Given current limitations in phylogenomics (as highlighted in the above section), one could argue that current approaches would yield biased inferences that would be of little use. One could always improve the phylogenetic framework, e.g. in “perfecting” sequence alignments (Edgar 2004; Sievers et al. 2011), identification of homologous groups (Li et al. 2001; Harlow et al. 2004) or phylogenetic algorithms (Neuwald 2009; Liu et al. 2012; Nelesen et al. 2012) to reduce inaccurate inferences. On the other end of the spectrum, providing more-efficient scalability, higher computing capacity, better implementations and sampling strategies among existing data, phylogenomic studies could yield valuable insights into algal biology and evolution. A common ground between the two schools of thoughts is crucial for the field to move forward.

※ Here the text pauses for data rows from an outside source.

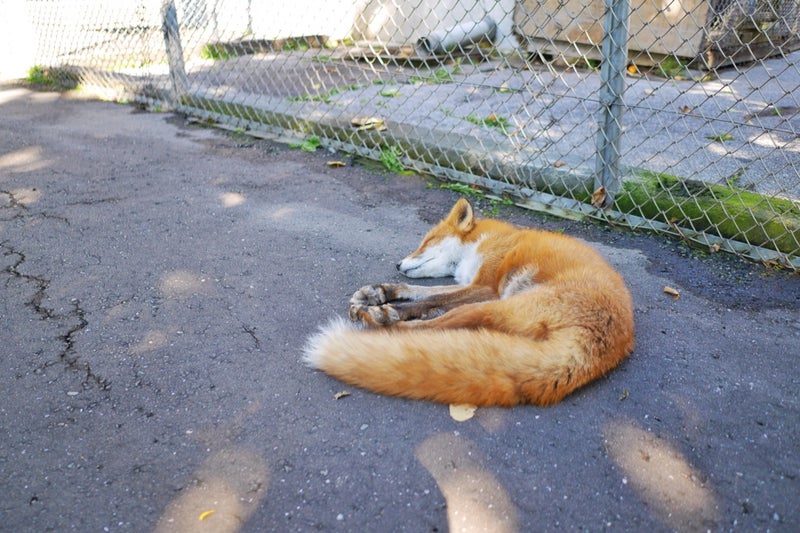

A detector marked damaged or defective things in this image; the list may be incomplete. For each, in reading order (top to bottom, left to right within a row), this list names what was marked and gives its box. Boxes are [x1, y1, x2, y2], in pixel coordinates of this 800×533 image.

crack in asphalt [2, 241, 111, 390]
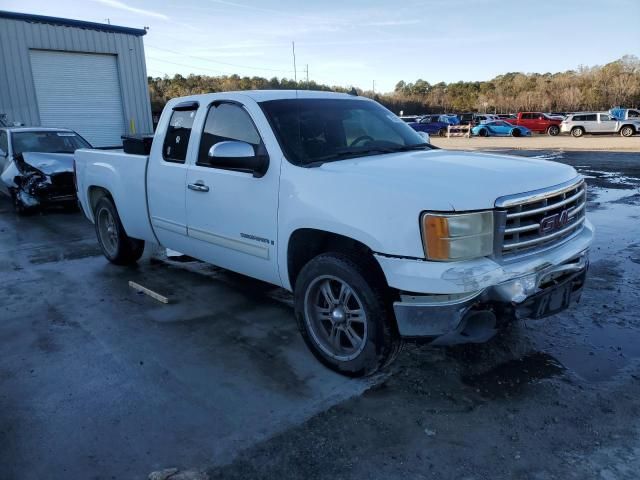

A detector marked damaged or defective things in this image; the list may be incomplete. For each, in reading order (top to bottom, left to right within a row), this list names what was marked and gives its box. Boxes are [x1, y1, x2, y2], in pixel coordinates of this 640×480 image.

damaged silver car [0, 126, 91, 213]
damaged front bumper [392, 251, 588, 344]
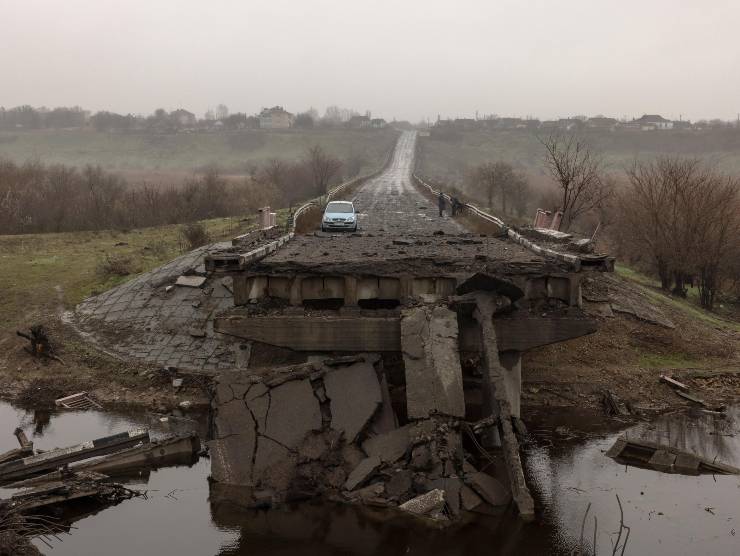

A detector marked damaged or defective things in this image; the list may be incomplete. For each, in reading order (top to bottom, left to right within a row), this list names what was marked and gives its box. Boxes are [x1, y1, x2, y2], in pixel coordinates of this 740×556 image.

broken guardrail [410, 172, 612, 272]
rusted metal debris [53, 394, 102, 410]
rusted metal debris [608, 436, 740, 476]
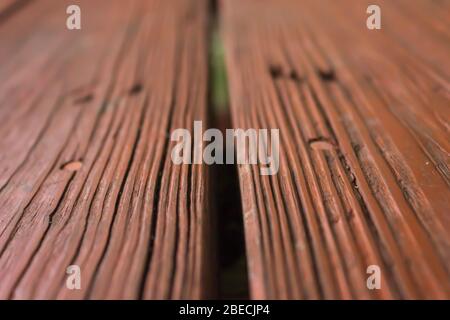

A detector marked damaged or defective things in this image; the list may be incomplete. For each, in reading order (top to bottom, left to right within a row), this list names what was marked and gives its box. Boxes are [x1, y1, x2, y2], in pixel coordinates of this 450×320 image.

Phylogenomics is a powerful tool for delineating organismal evolution from the genomic perspective, yielding novel, high-level biological hypotheses that would guide experimental designs for further genetic, biochemical or physiological studies at greater depth and in a more-refined focus. As algal research shifts towards a multidisciplinary framework, projects involving large international collaborative networks that combine expertise from various research areas are desirable, as demonstrated in a number of recent studies (Chan et al. 2012a; Price et al. 2012; Collén et al. 2013). With a positive outlook on the forthcoming algal genome data, phylogenomics remains a highly powerful and relevant tool in algal research, especially when we are now at the juncture that we can address interesting biological questions at scale that was unimaginable just a few years ago.